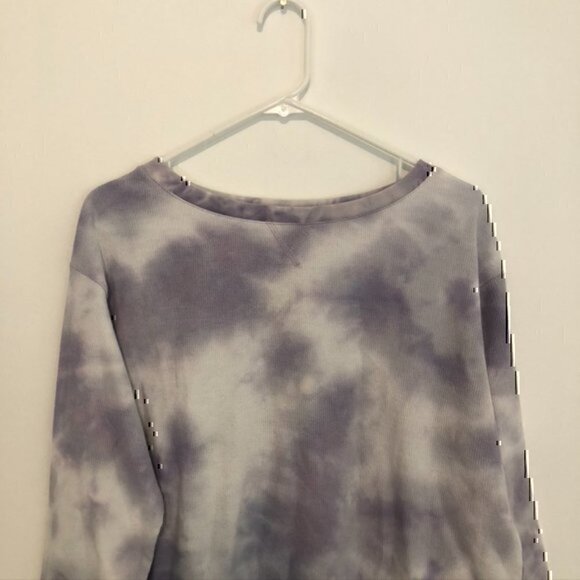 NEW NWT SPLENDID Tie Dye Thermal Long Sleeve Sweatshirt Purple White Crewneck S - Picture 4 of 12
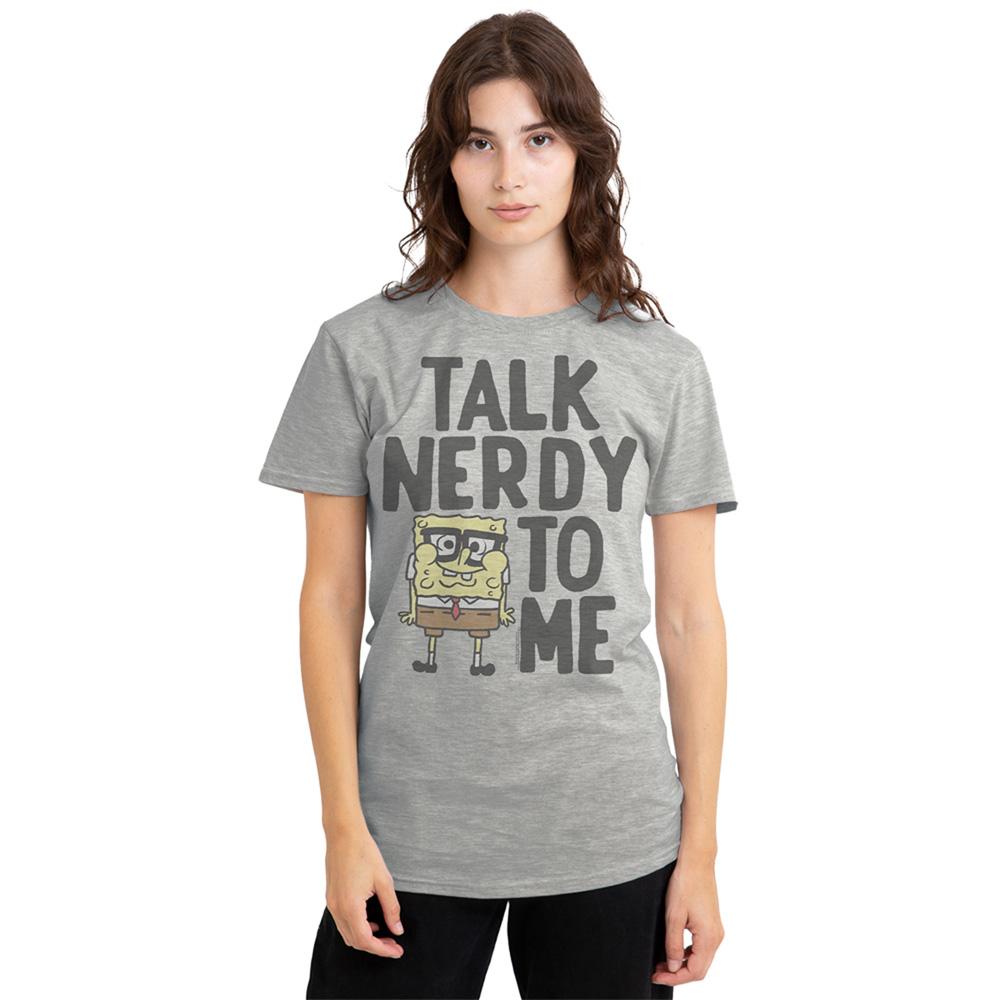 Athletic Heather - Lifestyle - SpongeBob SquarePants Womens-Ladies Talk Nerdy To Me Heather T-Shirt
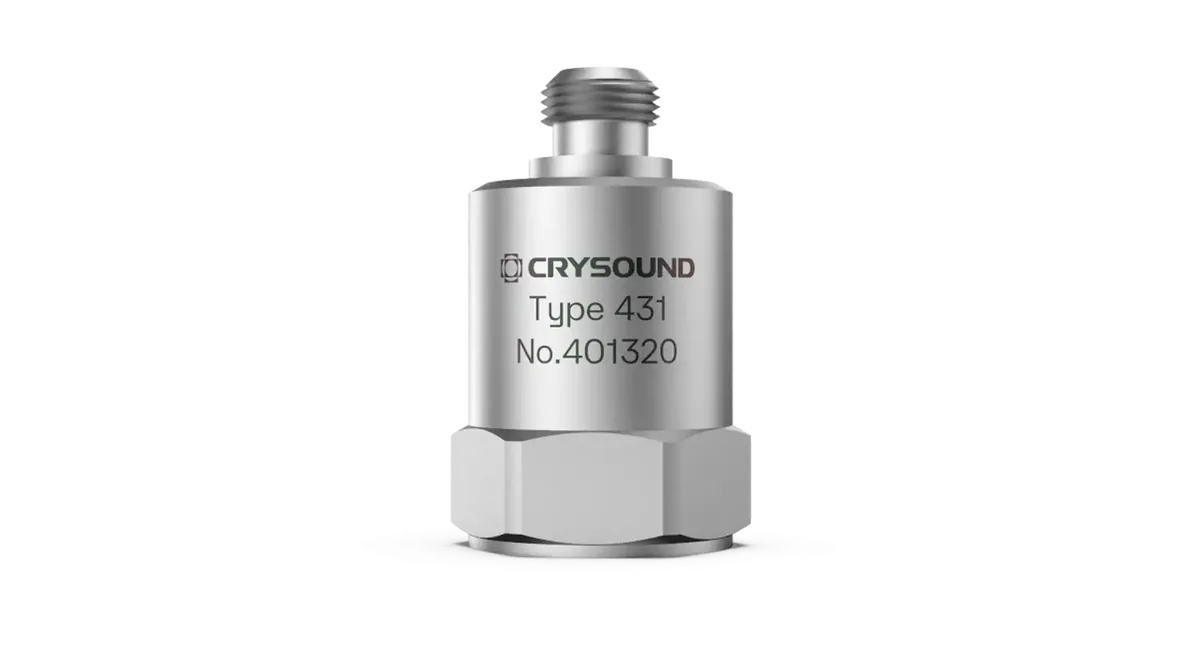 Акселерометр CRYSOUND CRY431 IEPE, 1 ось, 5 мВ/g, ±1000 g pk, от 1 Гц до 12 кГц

****************************************

▶ [Task description]:
If a picture appears in the data, omit it; transcribe all the rest exactly.

▶ [Exercise result]:
 NEW NWT SPLENDID Tie Dye Thermal Long Sleeve Sweatshirt Purple White Crewneck S - Picture 4 of 12
 Athletic Heather - Lifestyle - SpongeBob SquarePants Womens-Ladies Talk Nerdy To Me Heather T-Shirt
 Акселерометр CRYSOUND CRY431 IEPE, 1 ось, 5 мВ/g, ±1000 g pk, от 1 Гц до 12 кГц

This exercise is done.